Une 1ère voie plus sage serait de se concentrer sur les 3 principales régions et de promouvoir dans chacune d'elle une administration technocratique, efficace et humaine. Un gouvernement régional pourrait réduire la violence chez lui et progresser vers un état de loi et vers une économie viable. Au bout d'un certain temps, apaisé, le peuple Irakien pourrait alors considérer une réconciliation nationale, surtout si chaque région n'est pas assez dominante pour imposer sa volonté aux autres. Sinon, le pays pourrait bien sombrer dans la partition de fait, sous le prétexte d'autonomie, comme c'est le cas aujourd'hui dans la région kurde. Cette perspective devrait encourager les forces politiques de Bagdad à se diriger vers une réconciliation.

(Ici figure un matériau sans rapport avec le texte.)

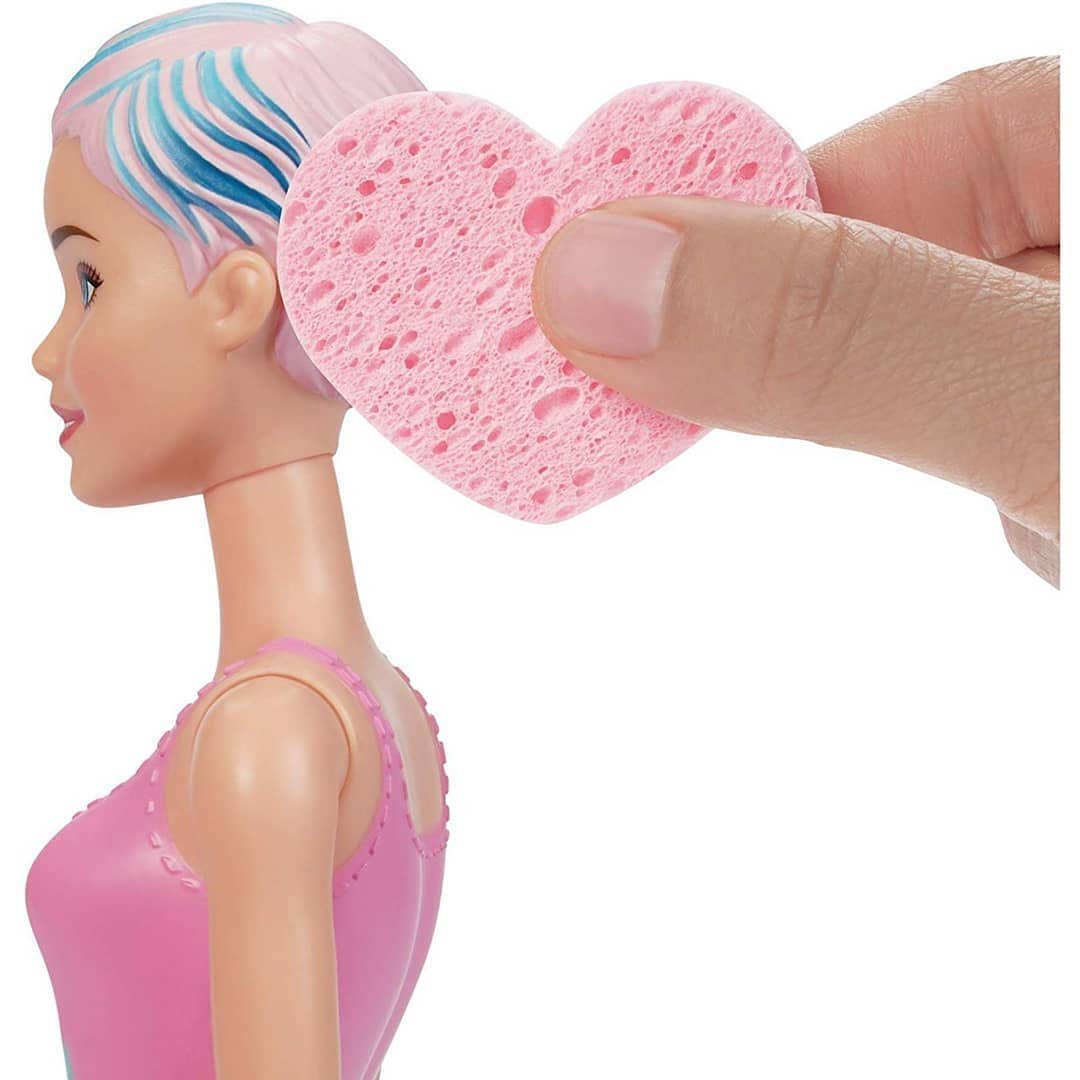 ����� ��������� �� ����� ����� ��������� � ���������� �������� - Barbie Color Reveal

La 2ème voie pour dépasser cette crise se trouve dans la diplomatie internationale. Aujourd'hui les Etats-Unis portent la majeure partie du fardeau sur tous les plans. Pourtant beaucoup d'autres pays savent que leur survie dépend de ce qui peut survenir en Irak et devraient être concernés pour éviter que la situation n'échappe à tout contrôle. Leur passivité ne peut pas durer. La meilleure voie pour ces pays est de participer à la reconstruction de la société civile irakienne. Et nous devons encourager cette reconstruction progressive par la voie multilatérale.

Ces objectifs ne pourront être atteints que pas à pas. L'effort militaire doit être reconnu et appliqué par des exigences internationales. La conférence internationale des pays voisins de l'Irak, comprenant les membres permanents du Conseil de Sécurité, est déjà un forum possible. L'Onu devrait encourager une action dans ce sens.

Cette stratégie est la meilleure pour pouvoir réduire à terme notre présence en Irak. Cependant aucun de ces objectifs ne peut être réalisé sans 2 conditions: la nécessité d'une présence américaine dans la région sur laquelle nos amis puissent compter et que nos ennemis puissent prendre au sérieux. Et surtout, notre pays doit comprendre la nécessité d'être uni, sans tactique politicienne.